A GRIEVING widower has spoken of his pride after his wife’s wish to be an organ donor allowed three lives to be saved.
Alan Friel, from Winstanley, is now encouraging others to sign the donor register after three people awaiting transplants received the organs they needed from wife Veronica following her sudden death in December.
Knowing these lives have been saved takes some of the pain awayAlan Friel
Veronica, who was known to many people as Rony, suffered a massive brain haemorrhage at the couple’s home in Winstanley but her kidneys and liver were used in life-saving operations following her death in hospital.
All three recipients, one of whom was astonishingly given an organ the day after joining the waiting list, are doing well and are now either back at home with their families or awaiting discharge from hospital.
Mr Friel will also travel to London later this year to receive the UK Award for Organ Donation, an honour given posthumously to the families and loved ones of donors.

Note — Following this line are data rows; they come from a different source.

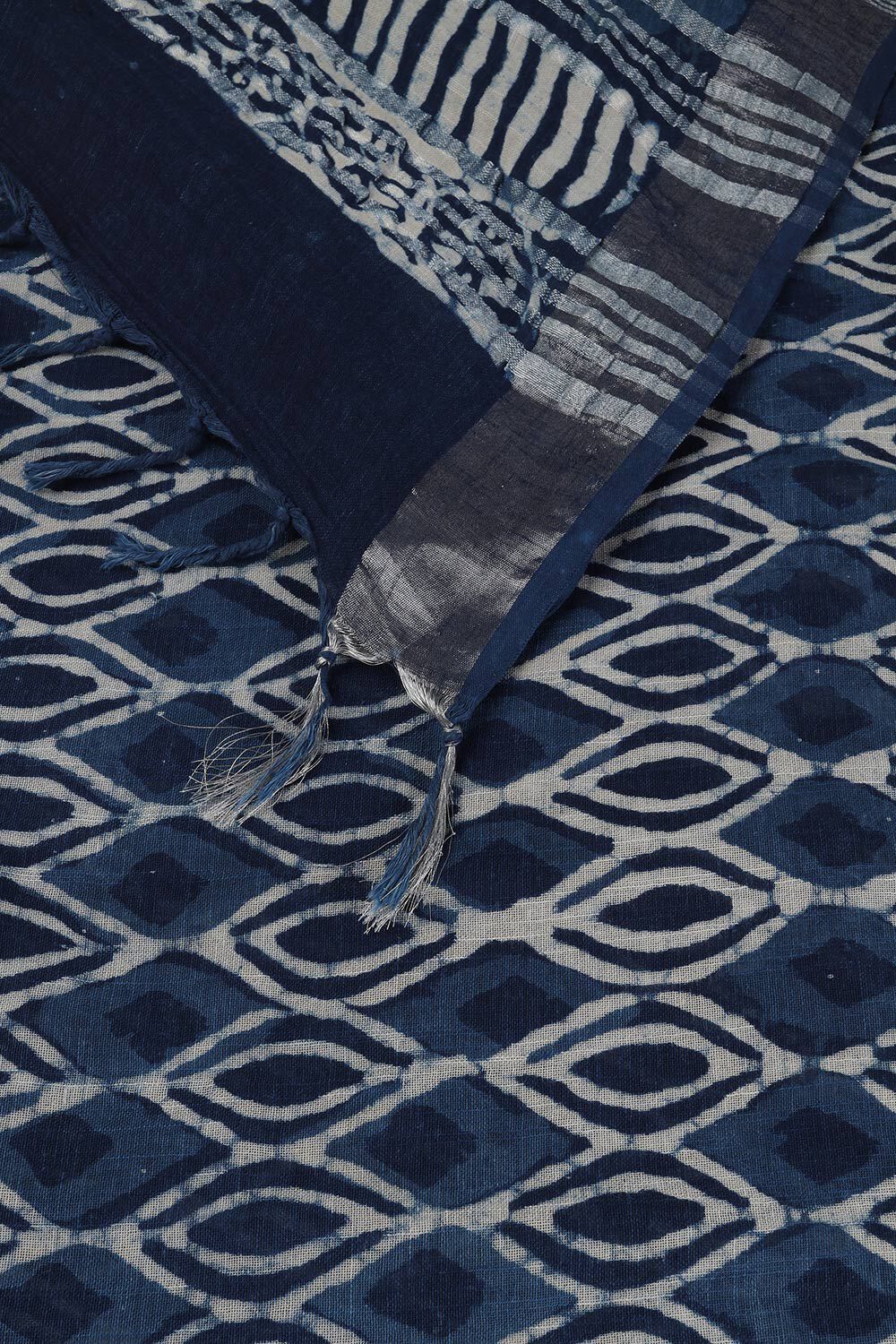 Blue Cotton Viscose Rajasthan Block Printed Saree image number null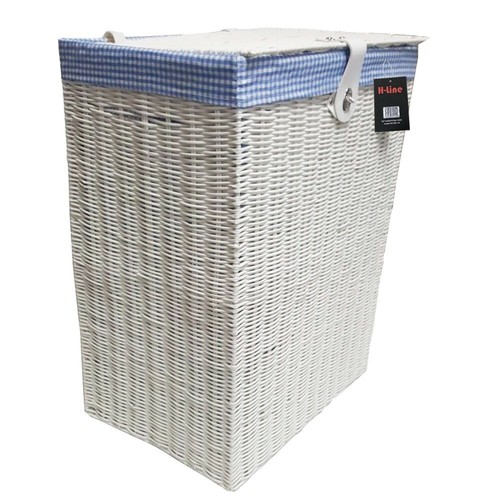 Large resin white wicker - large,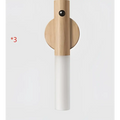Minimalist wooden led desk lamp sconce with frosted glass matte white cylindrical shade and black sensor lens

Mr Friel, 72, said: “I’m just so proud of her. She had been on the register for more than 30 years and she always had the little card in her purse.
“The men who received her kidneys had both been on dialysis for a couple of years and someone who was on the list for a transplant for just a day received her liver. It’s just unbelievable and wonderful.
“Knowing these lives have been saved takes some of the pain away. It’s bad enough losing somebody but to think she gave these three lives does help. It’s like her death hasn’t been in vain and it’s some good news to come out of this bad news.”
Mr Friel is also an organ donor himself and says he has been encouraging as many friends as possible to sign up for the register.
His call is being backed by our sister paper the Wigan Evening Post which is aiming to turn the borough into a donor town through its Giving the Gift of Life campaign.
He will travel to St James’ Palace this autumn to receive the award which was created by humanitarian charity the Order of St John recognising the gifts organ donors and their families make by improving and transforming other people’s lives.
Mr Friel says he would encourage anyone to sign the organ donor register and for both himself and his wife it was a fairly straightforward decision.
He said: “It’s just giving someone else a life chance. We’ve always tried to be unselfish people and help others by doing things like charity work or running coffee mornings for Cancer Research,
“I would say to people: be a donor and save somebody else’s life. You don’t need your organs once you’re dead, so think of someone else.
“I asked the organ donation people if it mattered that my wife was 72 and they said it didn’t because your kidneys and liver don’t deteriorate as long as they’ve got a good blood supply. As long as they’ve been looked after and not abused, they can use them.
“I just thought it would be lovely to encourage people.”